Make range sync peer loadbalancing PeerDAS-friendly #6922

dapplion · 2025-02-06T05:16:46Z

Issue Addressed

Re-opens Make range sync peer loadbalancing PeerDAS-friendly #6864 targeting unstable

Range sync and backfill sync still assume that each batch request is done by a single peer. This assumption breaks with PeerDAS, where we request custody columns to N peers.

Issues with current unstable:

Peer prioritization counts batch requests per peer. This accounting is broken now, data columns by range request are not accounted
Peer selection for data columns by range ignores the set of peers on a syncing chain, instead draws from the global pool of peers
The implementation is very strict when we have no peers to request from. After PeerDAS this case is very common and we want to be flexible or easy and handle that case better than just hard failing everything.

Proposed Changes

Upstream peer prioritization to the network context, it knows exactly how many active requests a peer (including columns by range)
Upstream peer selection to the network context, now block_components_by_range_request gets a set of peers to choose from instead of a single peer. If it can't find a peer, it returns the error RpcRequestSendError::NoPeer
Range sync and backfill sync handle RpcRequestSendError::NoPeer explicitly
- Range sync: leaves the batch in AwaitingDownload state and does nothing.

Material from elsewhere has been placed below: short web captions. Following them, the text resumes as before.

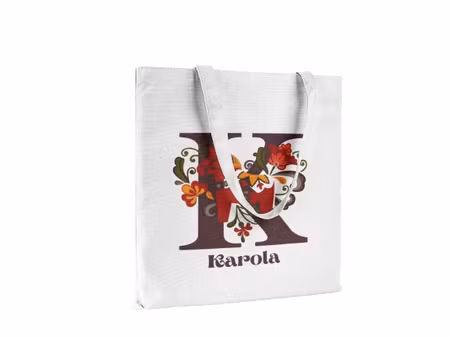 Personlig Tygkasse - Tygpåse med namn -Dalahäst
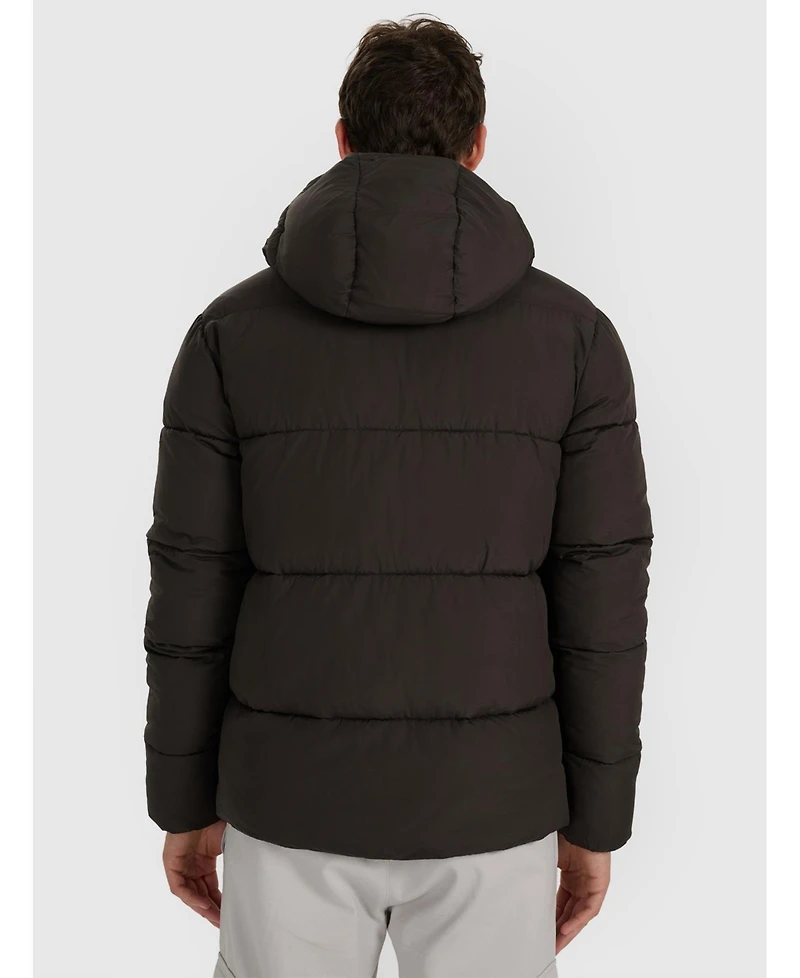 4F Men's down jacket with synthetic filling - khaki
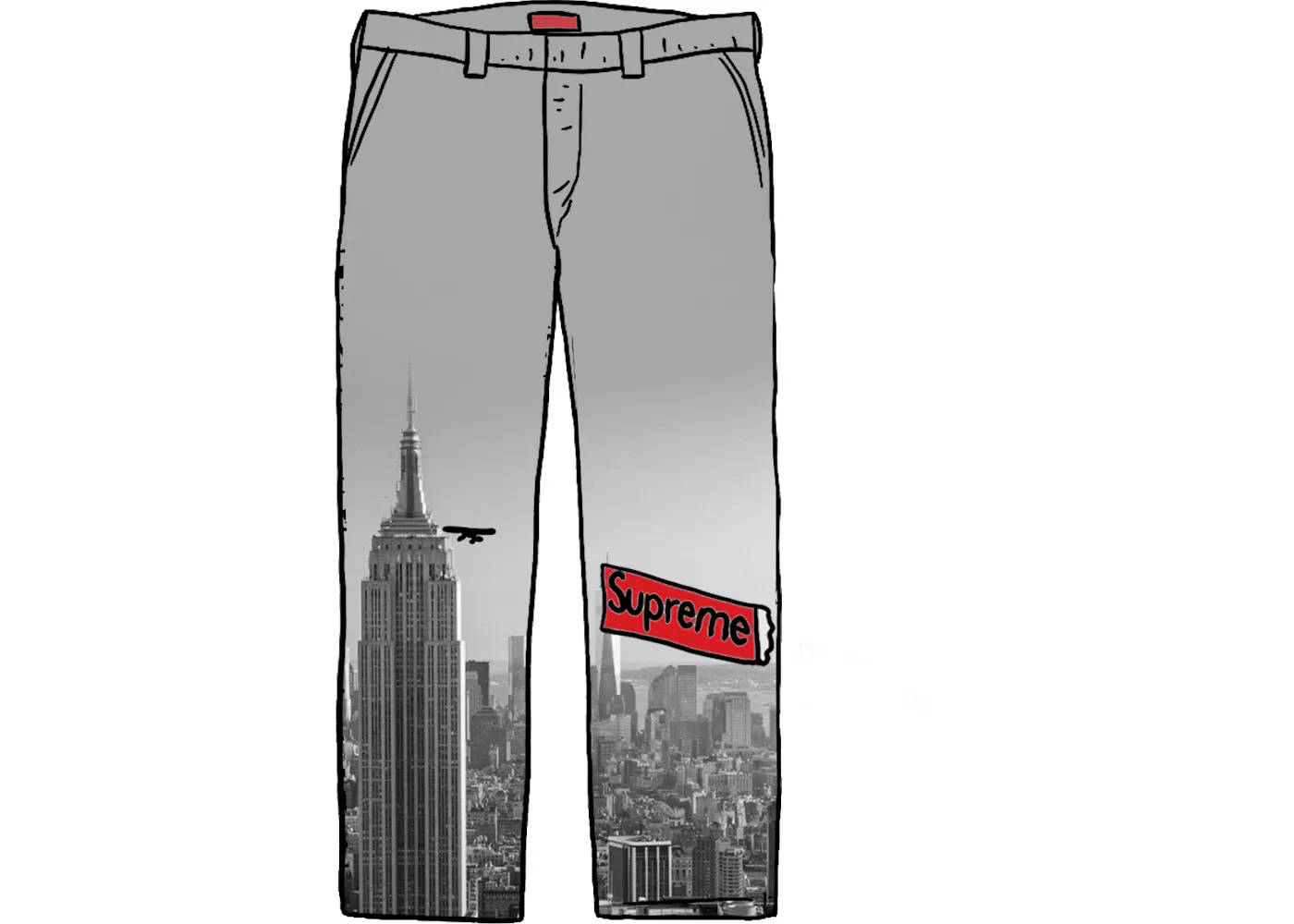 Мужские джинсы с принтом Supreme Jean, Multicolor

TODO: we should have some mechanism to fail the chain if it's stale for too long - EDIT: Not done in this PR
- Backfill sync: pauses the sync until another peer joins - EDIT: Same logic as unstable

TODOs

Add tests :)

Note: this touches the mainnet path!

dapplion · 2025-02-06T14:00:12Z

I would like to wait to merge this PR first to have more test coverage

Add more range sync tests #6872

dapplion · 2025-02-06T14:10:04Z

beacon_node/network/src/sync/backfill_sync/mod.rs

-    }
-
-    /// Sends and registers the request of a batch awaiting download.
-    fn retry_batch_download(


Now there's no different priorization between first send and retry. For both we prefer not failed peers with least active requests

dapplion · 2025-02-06T14:12:31Z

beacon_node/network/src/sync/backfill_sync/mod.rs

-        idle_peers.shuffle(&mut rng);
-
-        while let Some(peer) = idle_peers.pop() {
+        loop {


If the implementation of include_next_batch is correct we should never infinite loop here. But it's sus, I worry we introduce a bug in the future un-intentionally.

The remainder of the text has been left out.